What's wrong with VR tubes? When done right, they provide better than 2% regulation. I wouldn't obtain g2 supply by dropping B+, especially if that is 750-800 V. It is much better to have a completely independent g2 supply from a separate transformer.
I also like stacks of Li ion cells for g1 fixed bias. At 4 V, these cells have very low self discharge and keep steady voltage for years. Rock solid and completely unaffected by line voltage or amp current draw.
What's wrong with VR tubes? When done right, they provide better than 2% regulation. I wouldn't obtain g2 supply by dropping B+, especially if that is 750-800 V. It is much better to have a completely independent g2 supply from a separate transformer.
I also like stacks of Li ion cells for g1 fixed bias.
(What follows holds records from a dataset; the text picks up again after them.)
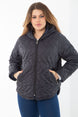 Women's Plus Size Navy Blue Front And Pocket Zipper Hooded Lined Quilted Coat 65n37281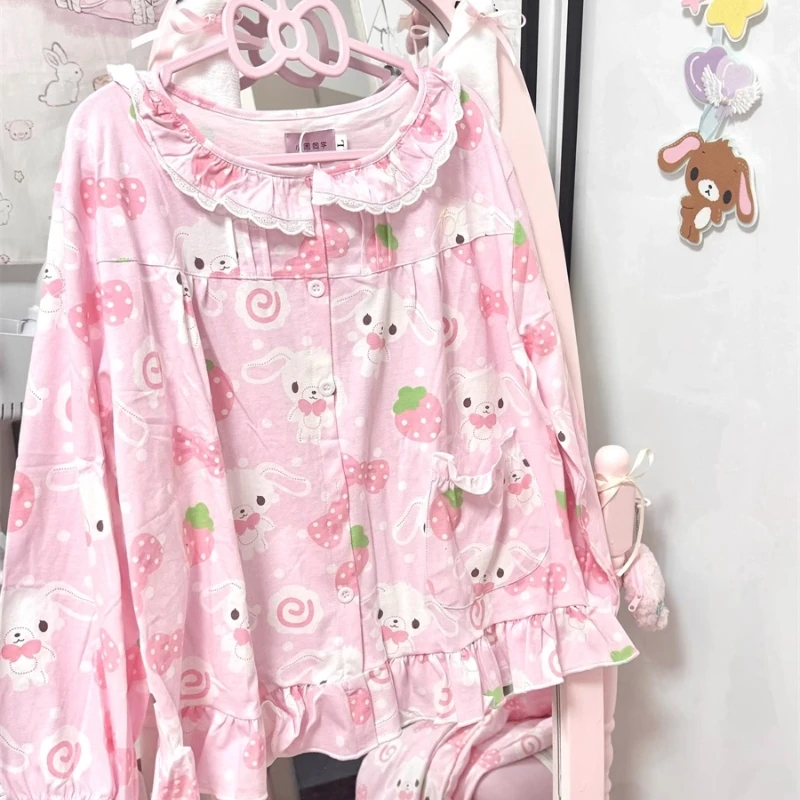 

Kawaii Sugarbunnies Pajamas Summer Long Sleeve Trousers Suit Cartoon Cute Home Clothes Gift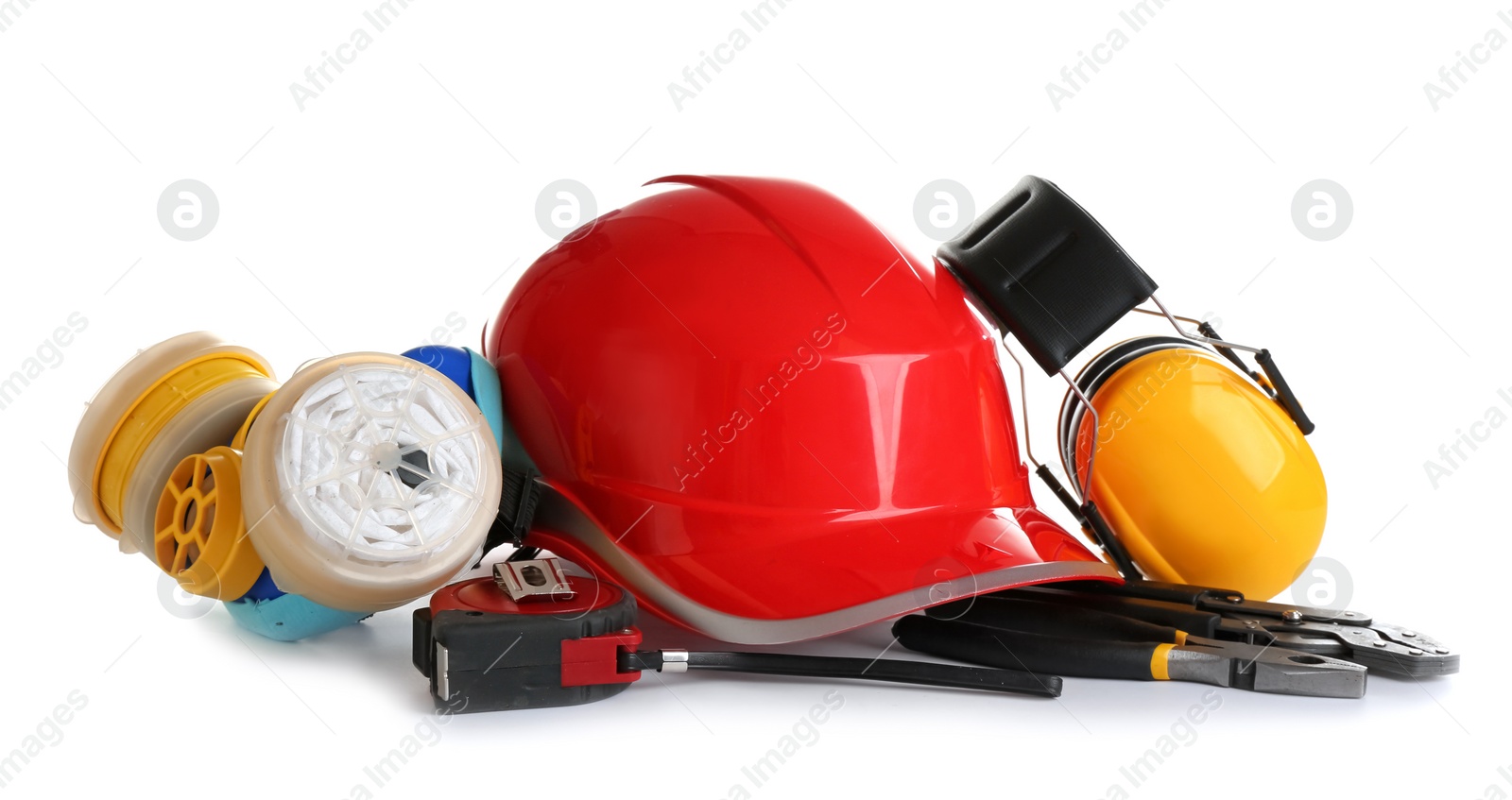 Photo of Composition with construction tools on white background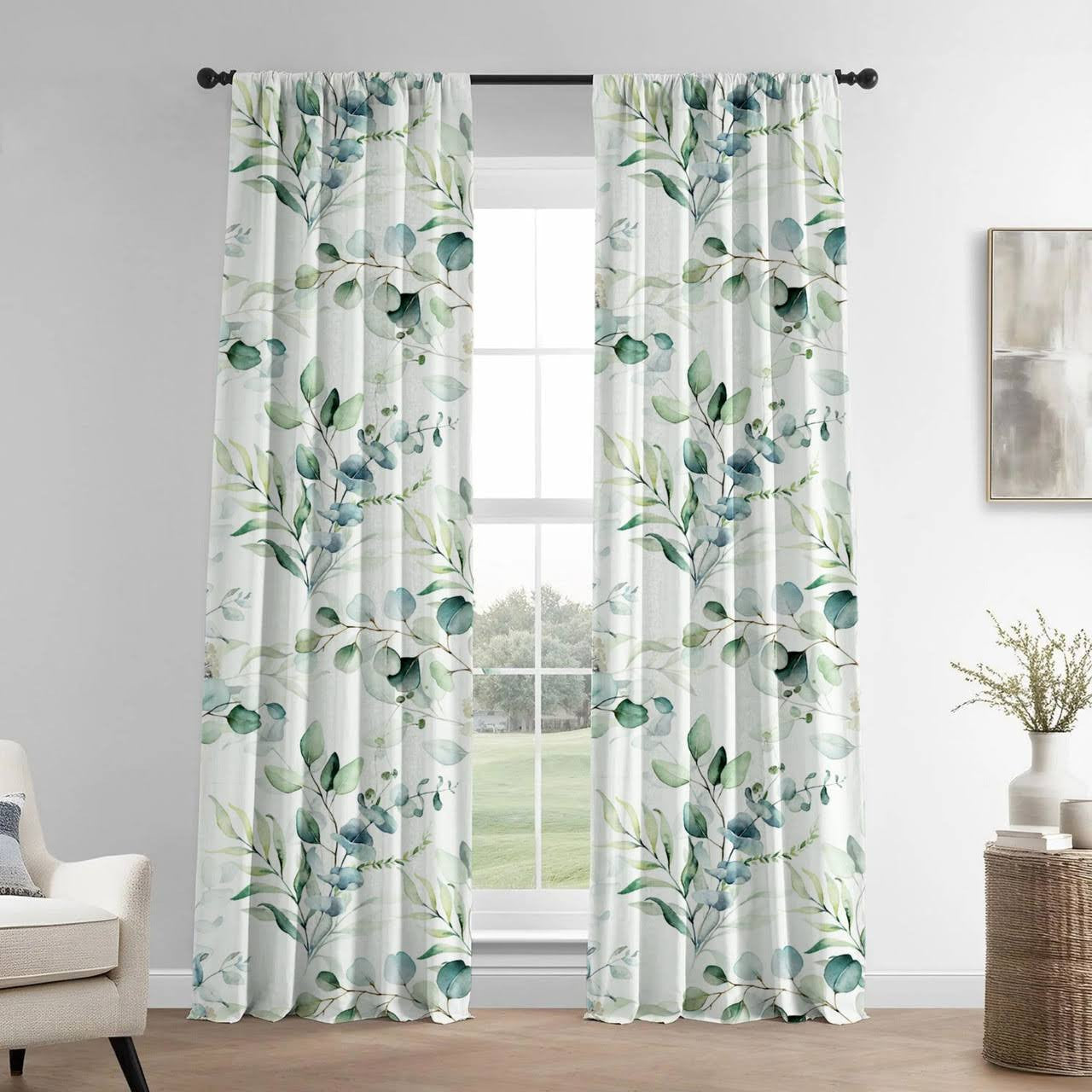 Linen Eucalyptus Curtains UK - Watercolor Leaf Print Light Filtering or Blackout-3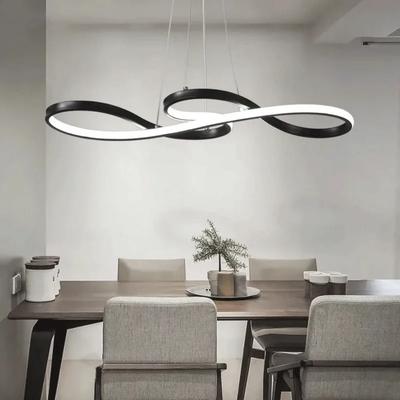 Moderní LED lustr, severské závěsné světlo se zlatou dekorací, černo-bílé minimalistické osvětlení pro obývací pokoj, jídelnu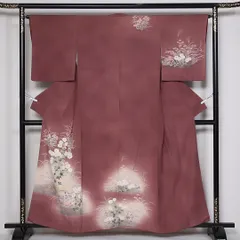 訪問着 袷 身丈159cm 裄丈64cm 正絹 Aランク Mサイズ 広衿 セミフォーマル 撫子 菊 ぼかし染 ピンク系 1212-04741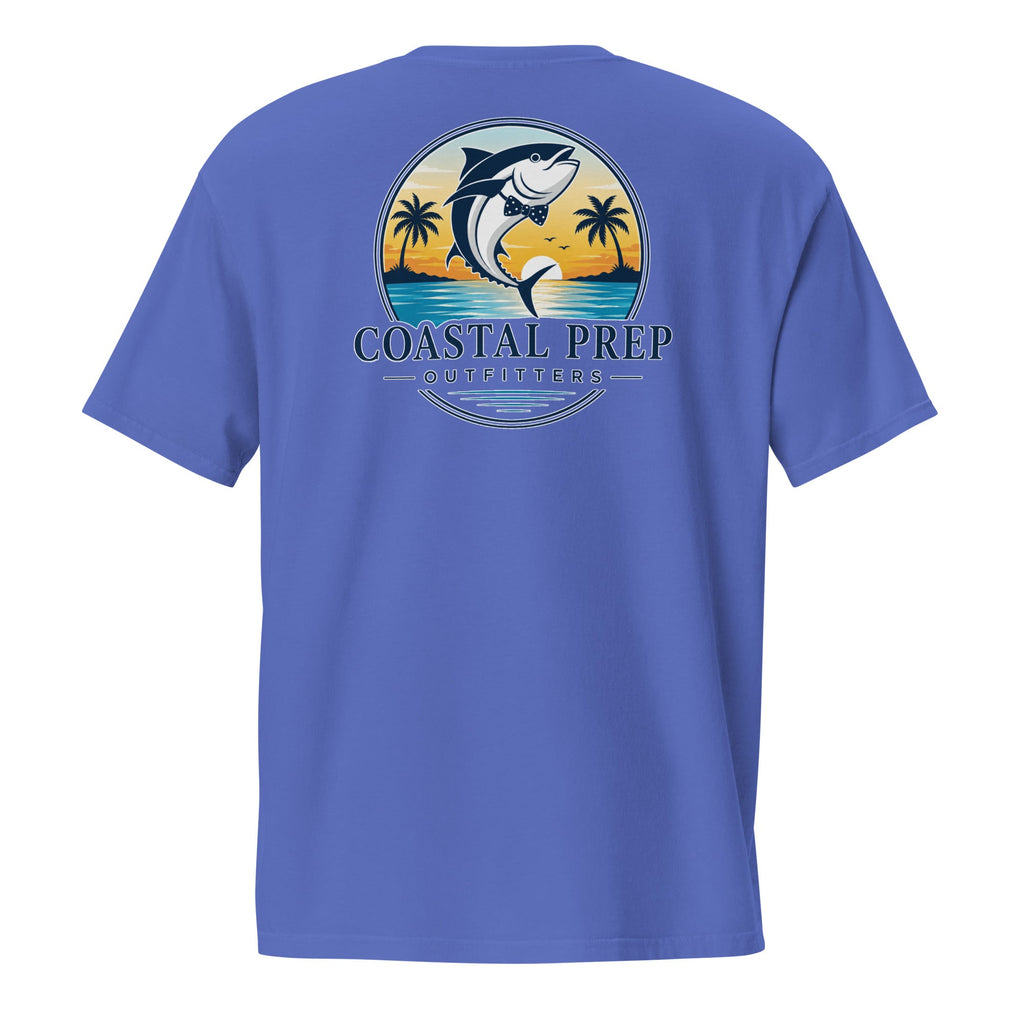 Navy Bow Tie Tuna Pocket Tee | Comfort Colors® Garment-Dyed T-Shirt | Coastal Prep Outfitters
At 4 V, these cells have very low self discharge and keep steady voltage for years. Rock solid and completely unaffected by line voltage or amp current draw.
somehow, i like the sound of G2 regulated pentodes better than ultralinear mode....but this is just me.....
Me three. I include active screen regulation. This wasn't used much back in "the day", and even VR tube regulation was pretty rare, but it's worth it for sonic performance. These are series pass regulators. The design that uses an unbalanced differential error amp is somewhat better in that the noise from the voltage reference can be filtered, besides it allows you to use those 6X8s. Both are quite effective in stabilizing the screen voltage.
You could also solid state these regulators, but I didn't do that since I didn't have any high voltage transistors, and I'd already done that loads of times before, so this was different. Trioded 6AQ5s work nicely as series pass devices.